I ’ve never been much of a re-reader. There are a few favorites that I’ve come back to here and there over the years, but it’s a rarity. When I got my first job out of college working for a major children’s book publisher in New York City, I found myself surrounded by familiar covers that jogged memories of long afternoons spent reading as a kid, but even then, there were few that I revisited. With a constantly growing TBR pile and limited hours and energy in the day, coming back to reads for a second time just never felt like a priority. Still, I reserved a special place in my heart for my old favorites, and I often found myself wishing for a reason to pick them up again.

When I came up with the concept for my podcast, I thought it would be a fun excuse to fall down the kid lit rabbit hole — not to mention an even better excuse to turn the acronym for a favorite elementary school pastime (SSR, also known as Silent Sustained Reading) into something racier (Sh*t She Read). Every week on The SSR Podcast, I chat with a guest about a throwback read from our middle or high school days.

I had no idea when I committed to revisiting all of these classics that my experiences with them today would be so different than the ones I had a decade or two ago. Here are seven messed-up things you probably missed about your favorite childhood reads.

1. Adults perpetually question the credibility of kid protagonists — especially little girls.

For middle grade readers, in particular, plots often hinge on an enduring tension between kid and adult characters over whether or not the former is telling the truth. Often, being a kid feels like a constant battle to win the trust and respect of parents and other key grown-ups, so tension like this is no doubt relatable for young readers. It’s also a great way for authors to raise the stakes in situations where child protagonists must make the challenging decision to circumvent the adults who doubt them. so they can right the wrongs and vanquish the evils that only they know about.

Maybe it’s the grown-up feminist in me talking, but as I’ve picked up on these patterns in so many of the middle grade books I’ve revisited lately — particularly with respect to young female protagonists — I can’t help but feel infuriated about the extent to which this lack of credibility has been made the status quo by classic titles. In Roald Dahl’s Matilda, the title character is told on multiple occasions that no one will believe her stories of abuse at home or at school.
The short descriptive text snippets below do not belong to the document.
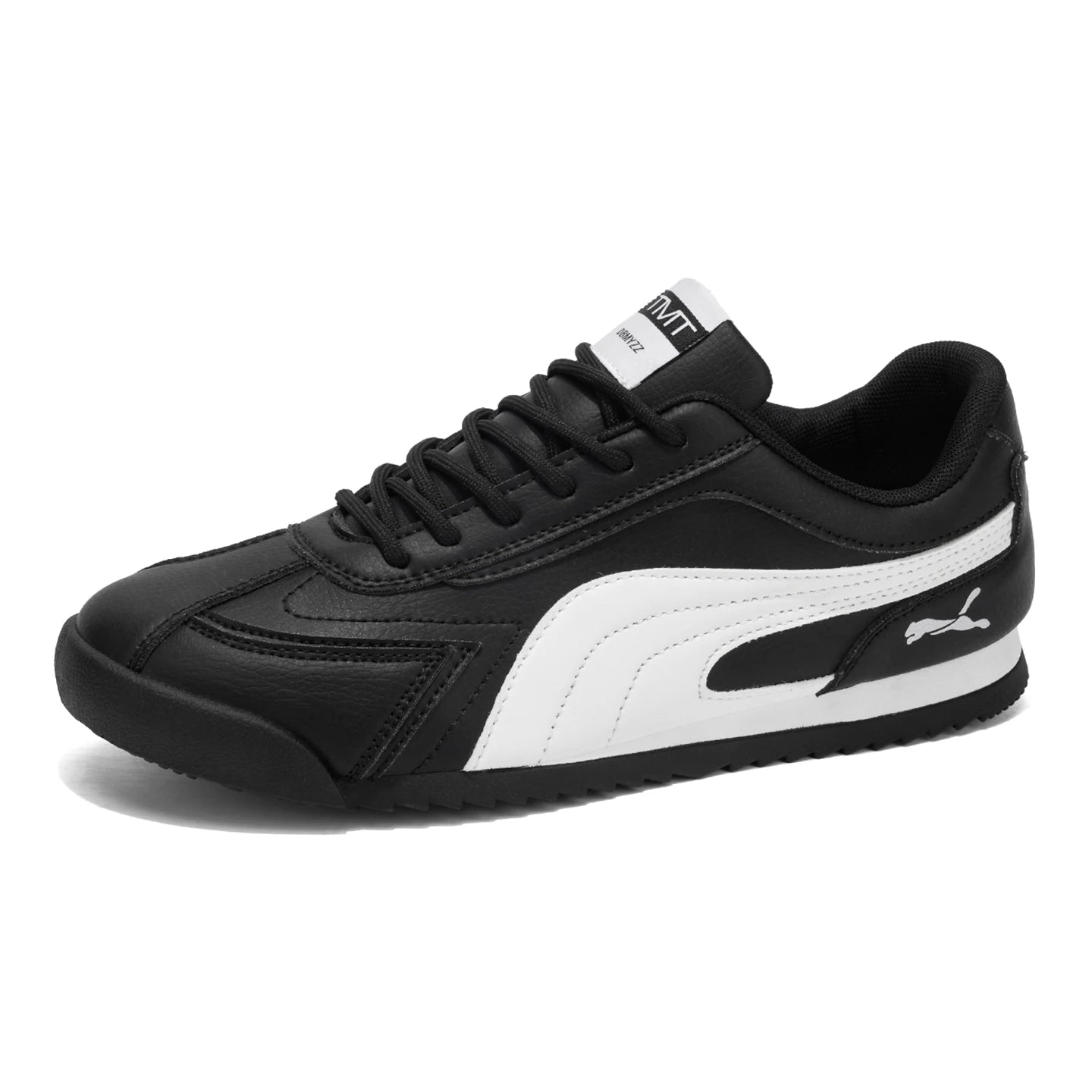 Men's Casual Shoes Sneakers 2025 Summer Male Anti-slip Outdoor Sports Leisure Shoes Soft Sole Running Fashion Walking Shoes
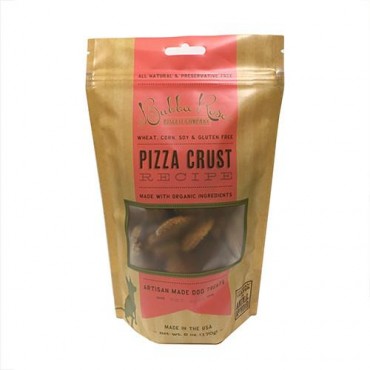 Pizza Crust Biscuits - 4 Set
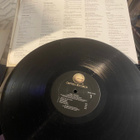 Neil Young: Landing On Water 1986 LP - pikkukuva 3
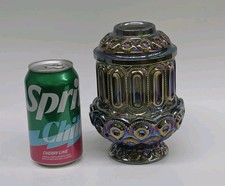 Weishar Moon And Star Fullsize Titanium Carnival Courting Fairy Lamp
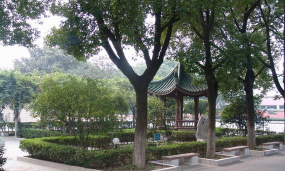 无锡市山北中学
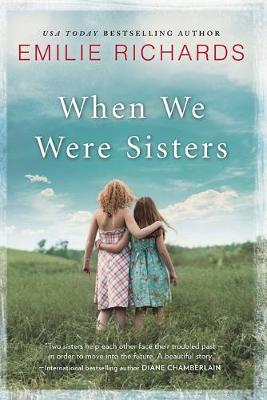 Book cover for When We Were Sisters Original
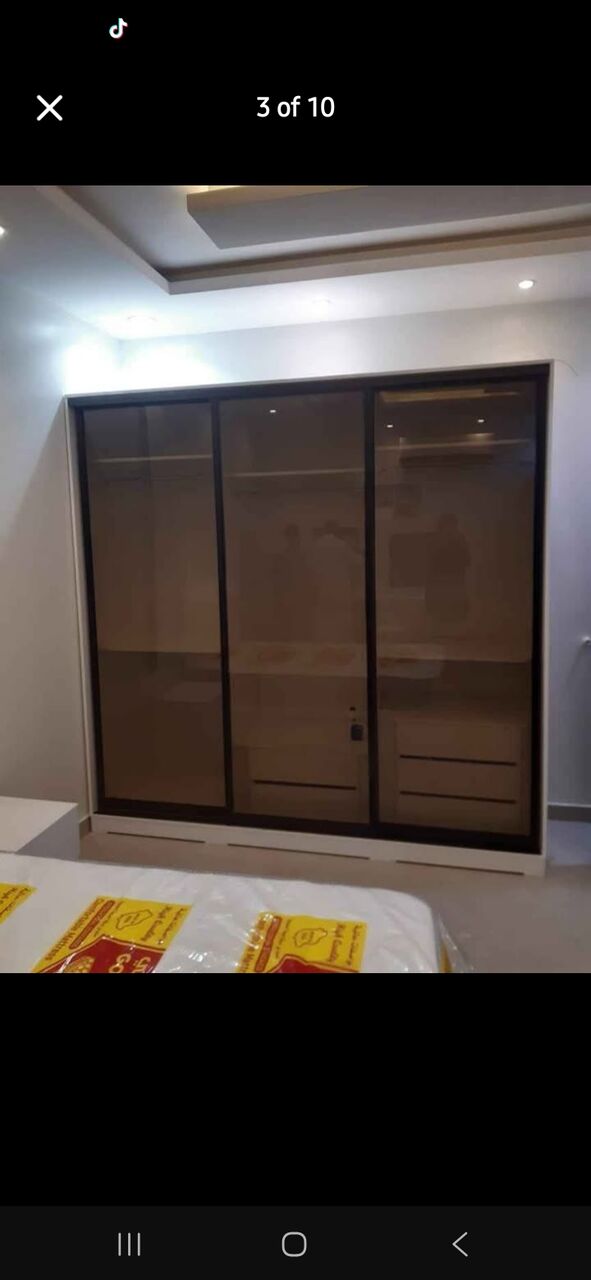 Al Malaz, Furniture, SAR 11,  New Bedroom Set Sale Online Home Devlree Free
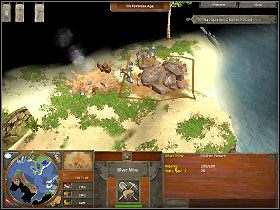 022 - Misja 3 - PIRACI! | Akt 1 | Age of Empires III - Age of Empires III - poradnik do gry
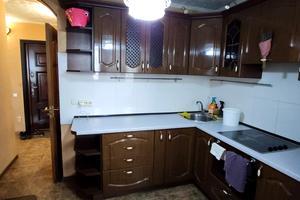 квартира за адресою Оболонський просп., 13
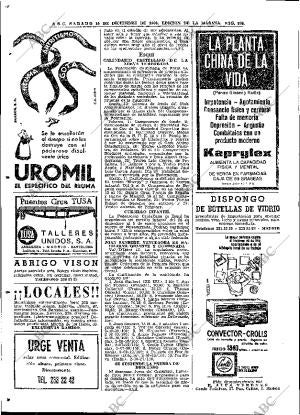 ABC MADRID 14-12-1963 página 100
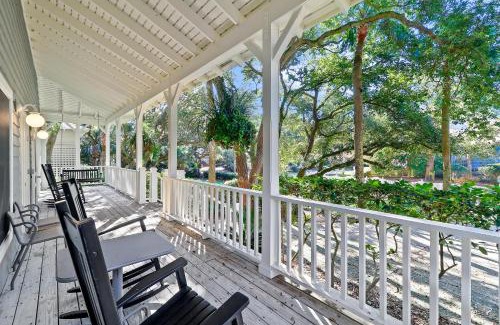 Kiawah Island Casa | AB10: 10 Atlantic Beach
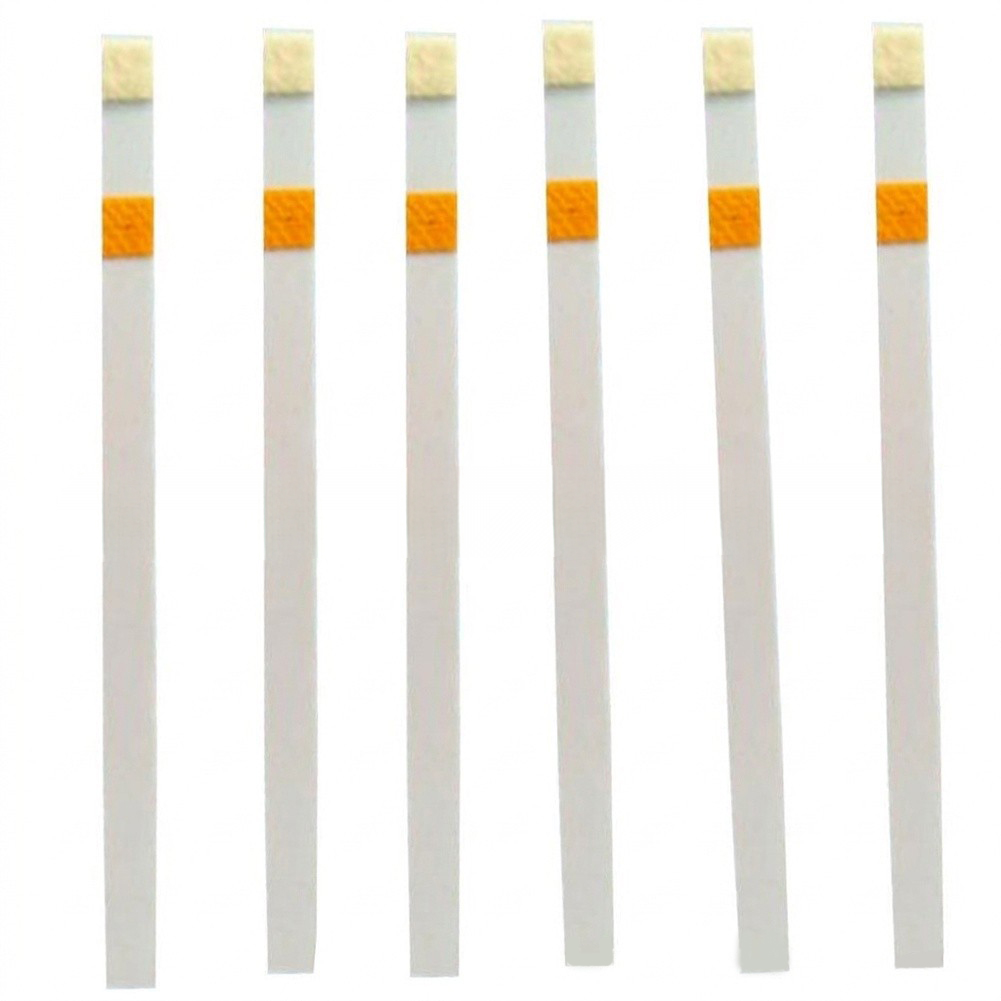 Ph Strip Test - 2 in 1 Pool and Spa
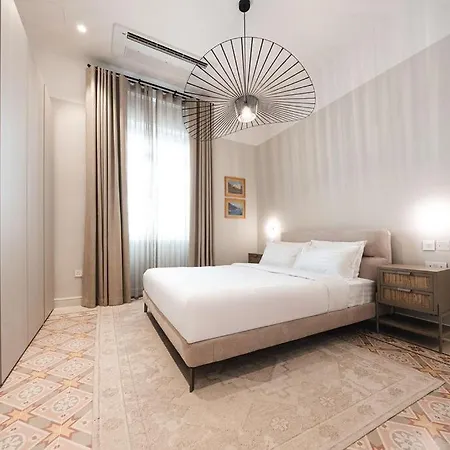 Elegant Designer 2br In Balluta Building Διαμέρισμα Saint Julian's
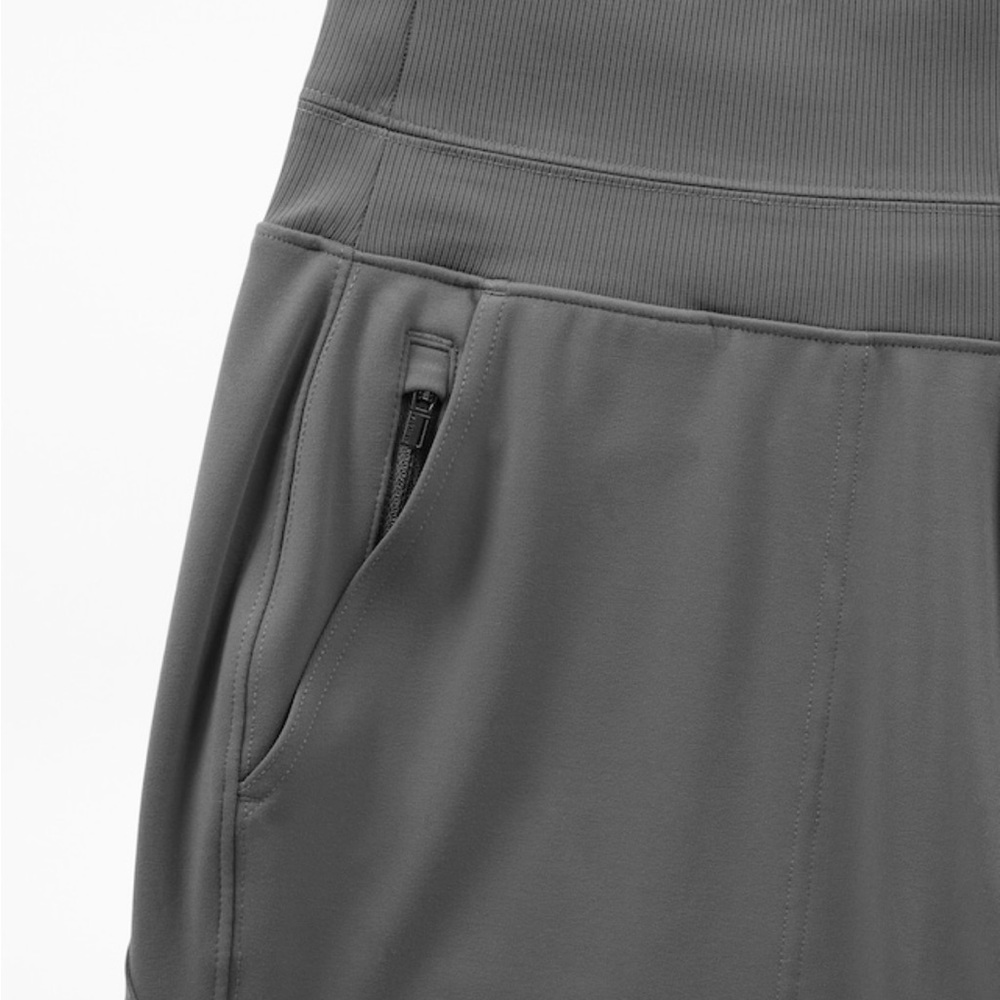 Athleta Venice jogger shadow gray - Picture 5 of 10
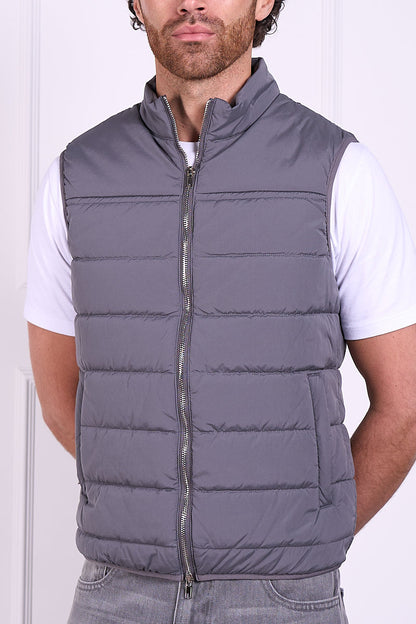 Eveloria Herren Bodywarmer Klassisch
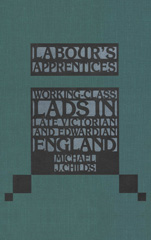 eBook, Labour's Apprentices, Bloomsbury Publishing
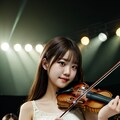 バイオリニスト 3枚目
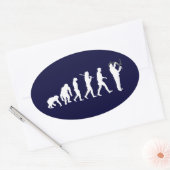 配管進化配管配管配管配管配管配管配管配管配管配管管下水器 楕円形シール (封筒)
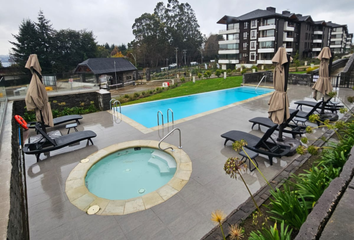 Departamento en  Puerto Varas, Llanquihue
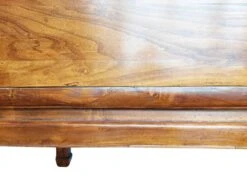 Luohan Armchair Bed, China 19th -Room Fold Zone 6433ef96 57d2 4a56 8428 7603a15d939f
In The Lion, The Witch, and The Wardrobe, Lucy accepts the fact that no one will believe that she’s journeyed through an old armoire into a snowy wonderland. In Welcome to Dead House, the first book in R.L. Stine’s believed Goosebumps series, protagonist Amanda stops trying to warn her parents that there are ghosts haunting their new home (even as she collects additional proof!) because it’s just normal for them not to take her at her word.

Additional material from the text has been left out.